Caption-style text data
□ □ □ □ □

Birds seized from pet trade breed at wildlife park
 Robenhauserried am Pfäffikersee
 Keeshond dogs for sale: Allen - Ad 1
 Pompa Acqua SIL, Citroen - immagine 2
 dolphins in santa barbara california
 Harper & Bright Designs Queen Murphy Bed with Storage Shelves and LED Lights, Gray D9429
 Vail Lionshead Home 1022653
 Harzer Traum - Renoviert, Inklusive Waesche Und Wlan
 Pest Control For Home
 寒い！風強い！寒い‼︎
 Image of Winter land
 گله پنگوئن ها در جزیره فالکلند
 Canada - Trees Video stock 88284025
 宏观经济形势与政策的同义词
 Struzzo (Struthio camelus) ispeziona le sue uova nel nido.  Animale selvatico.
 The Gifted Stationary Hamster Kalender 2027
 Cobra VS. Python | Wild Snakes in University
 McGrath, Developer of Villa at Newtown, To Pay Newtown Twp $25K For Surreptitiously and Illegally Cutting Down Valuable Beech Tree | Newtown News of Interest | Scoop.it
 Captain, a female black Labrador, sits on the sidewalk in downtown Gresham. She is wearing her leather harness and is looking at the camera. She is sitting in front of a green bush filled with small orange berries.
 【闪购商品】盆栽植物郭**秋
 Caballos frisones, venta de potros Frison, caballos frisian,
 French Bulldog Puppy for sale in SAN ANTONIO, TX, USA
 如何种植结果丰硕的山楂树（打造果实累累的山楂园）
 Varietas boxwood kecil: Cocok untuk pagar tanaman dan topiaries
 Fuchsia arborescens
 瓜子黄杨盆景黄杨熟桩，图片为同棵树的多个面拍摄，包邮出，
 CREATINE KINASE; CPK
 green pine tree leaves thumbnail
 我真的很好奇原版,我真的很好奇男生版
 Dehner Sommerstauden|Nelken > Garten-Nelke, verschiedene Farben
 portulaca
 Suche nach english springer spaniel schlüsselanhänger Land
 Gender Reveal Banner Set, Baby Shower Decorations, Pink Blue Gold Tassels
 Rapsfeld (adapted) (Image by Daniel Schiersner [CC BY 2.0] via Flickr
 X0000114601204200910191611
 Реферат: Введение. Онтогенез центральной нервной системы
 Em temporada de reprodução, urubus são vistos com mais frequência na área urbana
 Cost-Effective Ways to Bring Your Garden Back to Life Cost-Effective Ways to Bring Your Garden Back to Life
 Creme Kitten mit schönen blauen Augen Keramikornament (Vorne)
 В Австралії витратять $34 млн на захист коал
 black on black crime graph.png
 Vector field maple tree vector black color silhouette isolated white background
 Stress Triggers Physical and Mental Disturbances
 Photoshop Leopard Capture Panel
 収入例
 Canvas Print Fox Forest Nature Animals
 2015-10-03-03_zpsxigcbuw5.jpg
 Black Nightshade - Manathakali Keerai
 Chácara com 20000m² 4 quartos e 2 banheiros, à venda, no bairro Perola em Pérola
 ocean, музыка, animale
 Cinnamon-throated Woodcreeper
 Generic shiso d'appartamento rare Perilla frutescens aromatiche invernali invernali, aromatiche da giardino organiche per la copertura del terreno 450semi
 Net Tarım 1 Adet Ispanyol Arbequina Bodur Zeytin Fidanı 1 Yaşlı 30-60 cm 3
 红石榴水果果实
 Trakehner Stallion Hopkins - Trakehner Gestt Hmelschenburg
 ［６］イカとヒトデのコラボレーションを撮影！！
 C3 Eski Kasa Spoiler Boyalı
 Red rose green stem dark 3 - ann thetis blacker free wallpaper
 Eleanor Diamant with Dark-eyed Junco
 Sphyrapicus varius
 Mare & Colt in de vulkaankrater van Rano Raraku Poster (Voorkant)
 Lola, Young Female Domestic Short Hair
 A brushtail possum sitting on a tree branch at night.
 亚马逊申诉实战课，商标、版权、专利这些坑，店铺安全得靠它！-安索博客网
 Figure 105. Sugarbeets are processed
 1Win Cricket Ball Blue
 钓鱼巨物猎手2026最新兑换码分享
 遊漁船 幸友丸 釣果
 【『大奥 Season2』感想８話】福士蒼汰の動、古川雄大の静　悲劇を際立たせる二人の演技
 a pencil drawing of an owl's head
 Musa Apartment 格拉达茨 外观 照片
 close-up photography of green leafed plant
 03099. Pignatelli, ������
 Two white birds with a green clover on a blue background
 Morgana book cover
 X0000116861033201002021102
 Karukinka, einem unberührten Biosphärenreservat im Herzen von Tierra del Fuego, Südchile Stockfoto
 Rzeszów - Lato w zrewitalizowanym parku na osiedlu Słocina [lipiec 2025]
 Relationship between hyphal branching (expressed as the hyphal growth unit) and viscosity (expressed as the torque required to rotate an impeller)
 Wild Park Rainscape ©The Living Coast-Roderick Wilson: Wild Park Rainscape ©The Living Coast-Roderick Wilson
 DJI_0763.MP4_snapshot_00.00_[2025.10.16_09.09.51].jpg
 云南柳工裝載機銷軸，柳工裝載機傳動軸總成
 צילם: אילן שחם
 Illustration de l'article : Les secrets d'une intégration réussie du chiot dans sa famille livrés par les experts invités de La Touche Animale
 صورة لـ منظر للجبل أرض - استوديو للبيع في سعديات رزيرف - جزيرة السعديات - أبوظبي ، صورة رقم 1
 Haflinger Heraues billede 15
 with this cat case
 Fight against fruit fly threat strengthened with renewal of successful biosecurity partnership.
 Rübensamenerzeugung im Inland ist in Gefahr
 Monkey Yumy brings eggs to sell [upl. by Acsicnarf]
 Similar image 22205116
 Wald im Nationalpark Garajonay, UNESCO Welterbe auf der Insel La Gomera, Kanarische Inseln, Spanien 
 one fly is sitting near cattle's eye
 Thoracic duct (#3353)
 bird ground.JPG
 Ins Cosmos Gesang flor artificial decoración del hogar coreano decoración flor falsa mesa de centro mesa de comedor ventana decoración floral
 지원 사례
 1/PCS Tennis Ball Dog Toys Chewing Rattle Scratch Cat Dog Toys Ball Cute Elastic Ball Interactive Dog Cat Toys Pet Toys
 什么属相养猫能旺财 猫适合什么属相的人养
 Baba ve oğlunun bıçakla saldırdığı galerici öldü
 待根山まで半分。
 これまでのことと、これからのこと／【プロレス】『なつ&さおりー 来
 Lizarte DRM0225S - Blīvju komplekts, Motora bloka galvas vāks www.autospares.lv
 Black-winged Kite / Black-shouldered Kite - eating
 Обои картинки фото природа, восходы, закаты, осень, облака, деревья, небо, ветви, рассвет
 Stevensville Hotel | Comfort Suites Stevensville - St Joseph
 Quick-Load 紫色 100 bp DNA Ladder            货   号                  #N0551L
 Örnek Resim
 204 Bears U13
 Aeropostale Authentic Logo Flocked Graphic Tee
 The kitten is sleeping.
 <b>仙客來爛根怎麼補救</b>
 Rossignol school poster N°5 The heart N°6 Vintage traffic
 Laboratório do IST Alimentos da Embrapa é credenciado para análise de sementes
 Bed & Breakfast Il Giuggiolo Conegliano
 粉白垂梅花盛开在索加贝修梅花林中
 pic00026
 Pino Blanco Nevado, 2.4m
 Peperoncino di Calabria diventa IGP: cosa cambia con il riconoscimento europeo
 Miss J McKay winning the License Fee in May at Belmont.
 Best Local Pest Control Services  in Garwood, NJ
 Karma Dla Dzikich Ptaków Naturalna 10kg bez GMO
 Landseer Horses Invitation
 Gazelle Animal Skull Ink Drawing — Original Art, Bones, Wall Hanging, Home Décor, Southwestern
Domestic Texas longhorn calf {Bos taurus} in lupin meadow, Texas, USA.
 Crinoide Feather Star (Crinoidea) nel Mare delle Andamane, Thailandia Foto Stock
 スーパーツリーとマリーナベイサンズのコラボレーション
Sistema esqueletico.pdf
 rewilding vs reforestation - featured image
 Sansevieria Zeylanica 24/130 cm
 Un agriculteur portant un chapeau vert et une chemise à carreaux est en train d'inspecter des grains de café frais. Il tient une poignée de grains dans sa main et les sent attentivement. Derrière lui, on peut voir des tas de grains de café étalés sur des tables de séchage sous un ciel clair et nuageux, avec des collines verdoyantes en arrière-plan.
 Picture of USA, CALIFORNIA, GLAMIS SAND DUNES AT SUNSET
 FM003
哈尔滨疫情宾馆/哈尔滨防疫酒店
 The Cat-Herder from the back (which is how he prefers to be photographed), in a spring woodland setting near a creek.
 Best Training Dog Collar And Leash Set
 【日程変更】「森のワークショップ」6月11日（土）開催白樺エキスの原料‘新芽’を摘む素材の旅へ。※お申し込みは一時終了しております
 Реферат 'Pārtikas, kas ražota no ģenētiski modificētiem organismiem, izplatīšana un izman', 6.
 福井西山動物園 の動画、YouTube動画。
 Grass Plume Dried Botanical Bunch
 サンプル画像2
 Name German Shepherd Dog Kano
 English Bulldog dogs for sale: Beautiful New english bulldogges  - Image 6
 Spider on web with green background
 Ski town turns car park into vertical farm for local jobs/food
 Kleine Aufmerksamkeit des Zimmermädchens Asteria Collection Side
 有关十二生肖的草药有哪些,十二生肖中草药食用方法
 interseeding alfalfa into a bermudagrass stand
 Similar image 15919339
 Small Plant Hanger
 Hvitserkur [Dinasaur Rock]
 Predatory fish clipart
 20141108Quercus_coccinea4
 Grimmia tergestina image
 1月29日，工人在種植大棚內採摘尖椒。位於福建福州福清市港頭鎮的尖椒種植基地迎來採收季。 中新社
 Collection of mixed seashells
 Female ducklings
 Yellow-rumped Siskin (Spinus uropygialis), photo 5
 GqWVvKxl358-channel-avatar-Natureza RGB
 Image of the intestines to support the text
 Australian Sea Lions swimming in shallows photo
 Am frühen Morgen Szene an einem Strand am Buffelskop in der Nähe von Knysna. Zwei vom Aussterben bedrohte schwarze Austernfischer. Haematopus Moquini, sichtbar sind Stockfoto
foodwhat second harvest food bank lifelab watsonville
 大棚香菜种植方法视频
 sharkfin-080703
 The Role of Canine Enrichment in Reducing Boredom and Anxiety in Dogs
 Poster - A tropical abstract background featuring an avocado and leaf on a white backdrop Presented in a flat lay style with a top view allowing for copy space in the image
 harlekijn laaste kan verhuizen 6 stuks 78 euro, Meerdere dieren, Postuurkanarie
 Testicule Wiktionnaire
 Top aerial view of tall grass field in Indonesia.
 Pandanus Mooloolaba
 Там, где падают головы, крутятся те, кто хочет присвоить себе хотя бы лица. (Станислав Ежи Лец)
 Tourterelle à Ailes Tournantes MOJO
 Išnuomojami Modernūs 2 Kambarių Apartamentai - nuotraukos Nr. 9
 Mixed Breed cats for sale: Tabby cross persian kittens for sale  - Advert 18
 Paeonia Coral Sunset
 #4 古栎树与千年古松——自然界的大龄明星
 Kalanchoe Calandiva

□ □ □ □ □

Exercise = Reproduce each line from the records that contains the word "Stockfoto".

Output of the exercise =
 Karukinka, einem unberührten Biosphärenreservat im Herzen von Tierra del Fuego, Südchile Stockfoto
 Am frühen Morgen Szene an einem Strand am Buffelskop in der Nähe von Knysna. Zwei vom Aussterben bedrohte schwarze Austernfischer. Haematopus Moquini, sichtbar sind Stockfoto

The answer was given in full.